→ Given material
····················

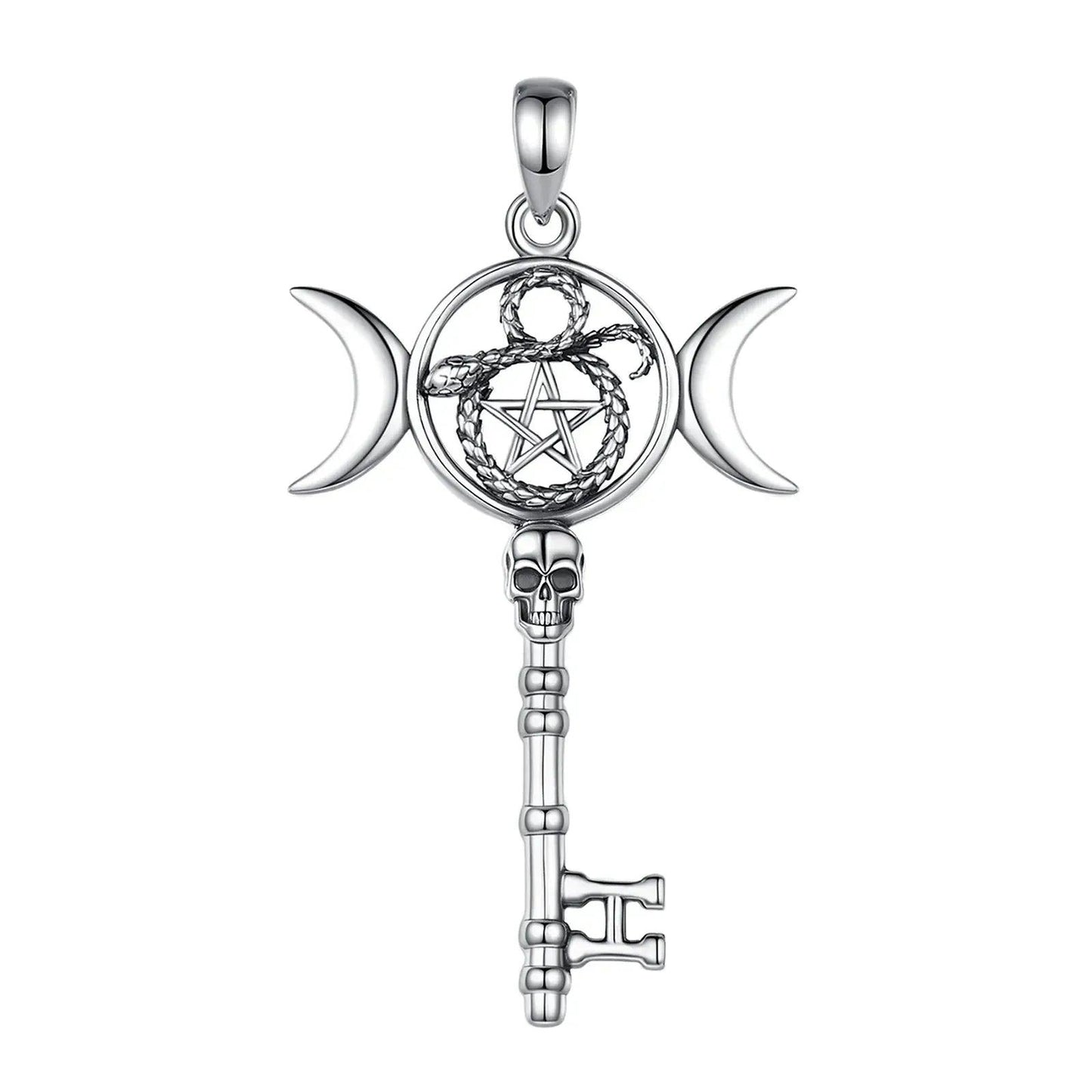 925 Sterling Silver Hecate Triple Moon Necklace Pentagram Snake Key Pendant Wicca Pagan Jewelry-MoonChildWorld
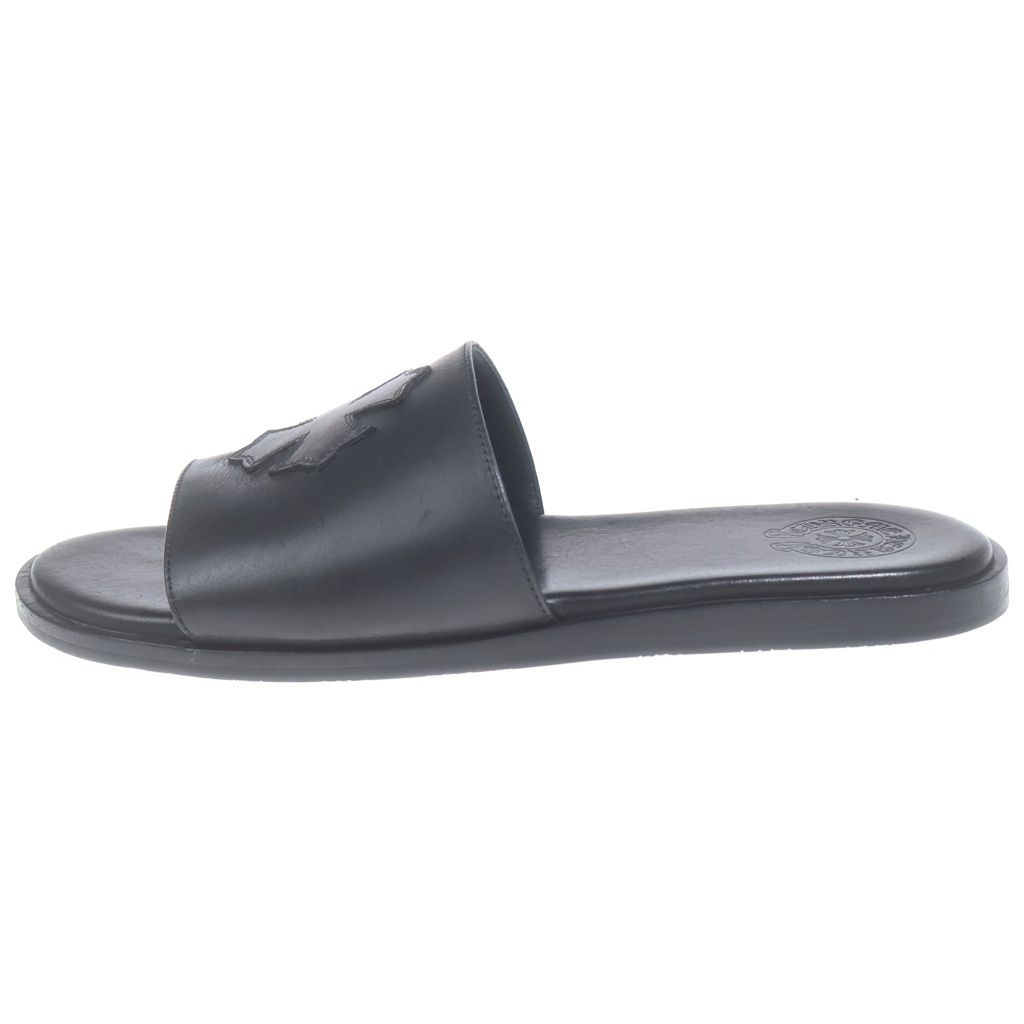 CHROME HEARTS (クロムハーツ) CH SLIDE LEATHER CHプラスパッチレザーサンダル ブラック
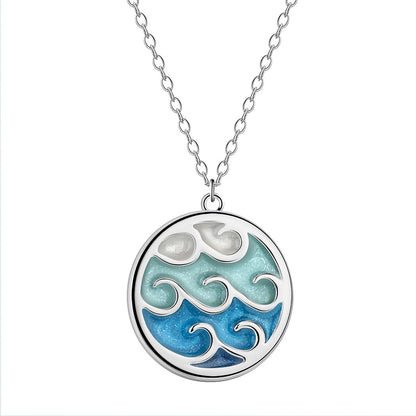 Fashionable Wave Sea Pendant Simple Trendy Stainless Steel Necklace 6531be68 49e6 44c0 a647 b911d5406196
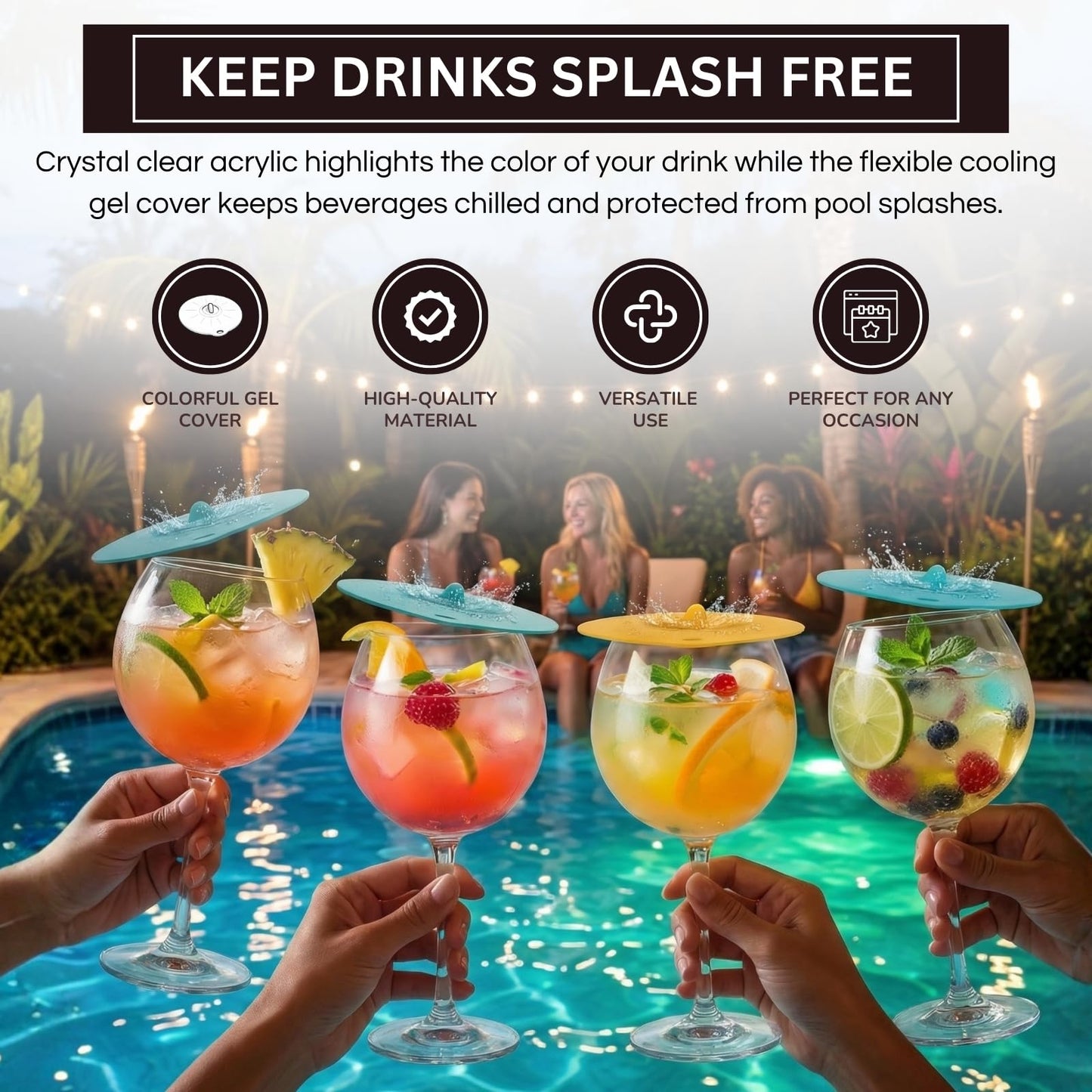 Floating Pool Wine Glasses with Lids | Set of 4, 21oz Acrylic Stemware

····················

→ About this exercise
Repeat the line that contains "Fashionable Wave Sea" and each line after it, through the last line of the listing, exactly and alone; pictures stay out of the repeat.

→ Solution to the problem
 Fashionable Wave Sea Pendant Simple Trendy Stainless Steel Necklace 6531be68 49e6 44c0 a647 b911d5406196
 Floating Pool Wine Glasses with Lids | Set of 4, 21oz Acrylic Stemware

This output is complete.